Thanks for the excellent bug report here, Andreas. To summarize, the issue is that there are sufficient free hugepages on a second NUMA node but nova is not smart enough to choose CPUs from this node instead of the first one. Is this correct? If so, this sounds like a valid issue with the scheduler. As you've noted in the Customer Portal solution, the obvious workaround is to simply allocate more hugepages, but this wastes resources and nova should handle this better IMO.
Hi Stephen, Yes, from a customer environment and from my lab, I can confirm this behavior. I did not look into the code, so I cannot tell you if this is really what happens. But looking at nova as a black box, this seems to be nova's behavior. I don't believe it's the scheduler: the scheduler passes, the instance tries to boot on the compute node. It seems more to be related to openstack-nova-compute which should select the other NUMA node with free memory, but it looks as if it cared first and foremost about free CPUs to pick the NUMA node. When placing an instance on a NUMA node, nova should consider all resources (cpu, memory, etc.) and only then make a decision about where to put the instance. By the way, this could also be a configuration issue, if this feature already exists and simply is non-default. Thanks, Andreas
The instances that are using a NUMA topology should be scheduled on isolated host aggregate that is because the memory is counting differently. So mixing instances with and without NUMA topology creates such behavior. Basically in Nova world all instances that use pinning, huge pages, realtime, numa feature are using a NUMA topology.
In this case, instances aren't actually being mixed. All instances are Cisco CSR1kv, using a single flavor with 4G memory, 2 vCPUs, and {"hw:cpu_policy": "dedicated", "hw:mem_page_size": "any"} The first 10-12 instances start fine, but once all the 1G hugepages are allocated from NUMA0, with 2 left on NUMA0 and 52 available on NUMA1, that's when it fails. Multiple quantity retries, where 10 instances are booted, result in 4-6 succeeding and the rest failing with this error. Retrying this repeatedly eventually results in the maximum number of instances running, but only after 40% of them failing to start.

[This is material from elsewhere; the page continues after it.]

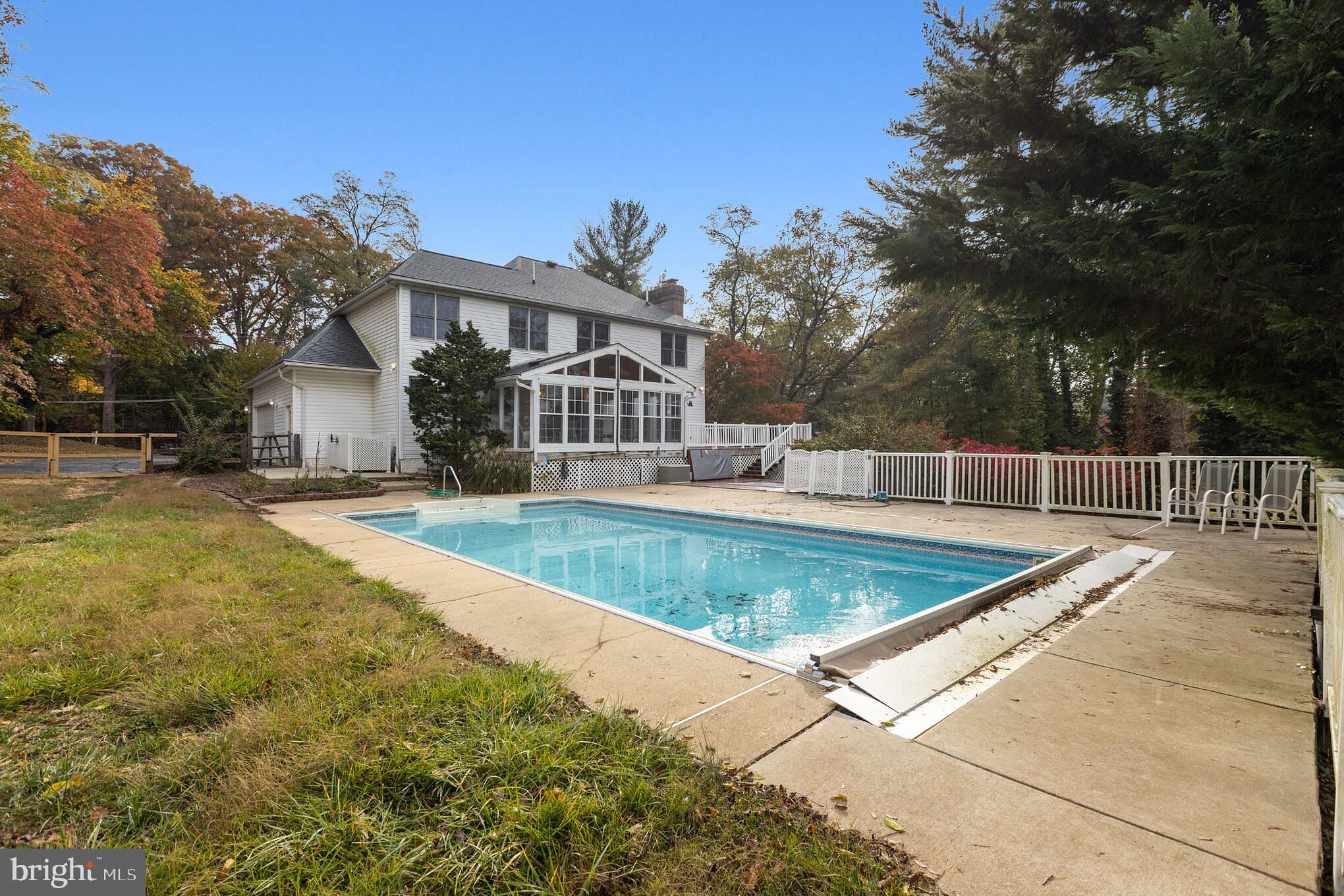 210 Garrison Forest Road Owings Mills, MD 21117 - Photo 40 of 50 Large pool in private yard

I need sosreport because Im not able to reproduce the case. In my env the guests are well placed on the host NUMA nodes. I started several instances and all were well assigned on the NUMA nodes with HP available. An other point is that, to schedule on NUMA1, since you have cpu_policy=dedicated you need to have free pCPUs on that host NUMA node. Also are you using vpu_pin_set option to exclude some pCPUs?
An other point I just noted. My tests are on master since I don't think that there were changes in this part of code but based on comment 4 it seems that could be the case. I will try that. But please in that time f you can share sosreport that could help.

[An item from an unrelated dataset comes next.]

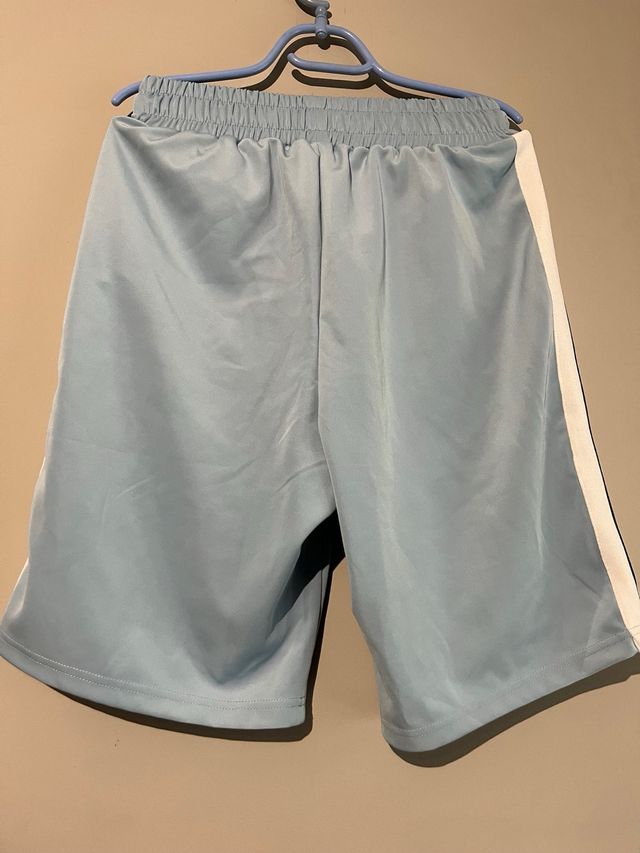 Palm Angels Pantalones Cortos Azules y Blancos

Created attachment 1367497 [details] sosreport from lab compute node
Ok I found the issue. Not sure that will be so easy to fix but probably backportable in all cases. We only check for small pages available on the host NUMA node when verifying whether we can fit the guest NUMA node. The thing which makes the work a bit difficult is that the hugepages placement and page size selection (when using ANY) is done in a different place than the pinning. So my worry is a large refactor to fix the issue.

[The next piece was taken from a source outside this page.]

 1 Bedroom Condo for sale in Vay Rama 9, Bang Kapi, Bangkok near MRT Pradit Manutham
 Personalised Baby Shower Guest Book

*** Bug 1499083 has been marked as a duplicate of this bug. ***
*** Bug 1519540 has been marked as a duplicate of this bug. ***
(In reply to Sahid Ferdjaoui from comment #17) > Ok I found the issue. Not sure that will be so easy to fix but probably > backportable in all cases. We only check for small pages available on the > host NUMA node when verifying whether we can fit the guest NUMA node. The > thing which makes the work a bit difficult is that the hugepages placement > and page size selection (when using ANY) is done in a different place than > the pinning. So my worry is a large refactor to fix the issue. Any setting for flavor mem_page_size that might be a workaround? We attempted large, 4GB, 2048, 2, any, with similar results. Or, kernel hugepage size/count? Instance flavor is 4G memory, no variations. Would this also occur when using CPU pinning and SR-IOV?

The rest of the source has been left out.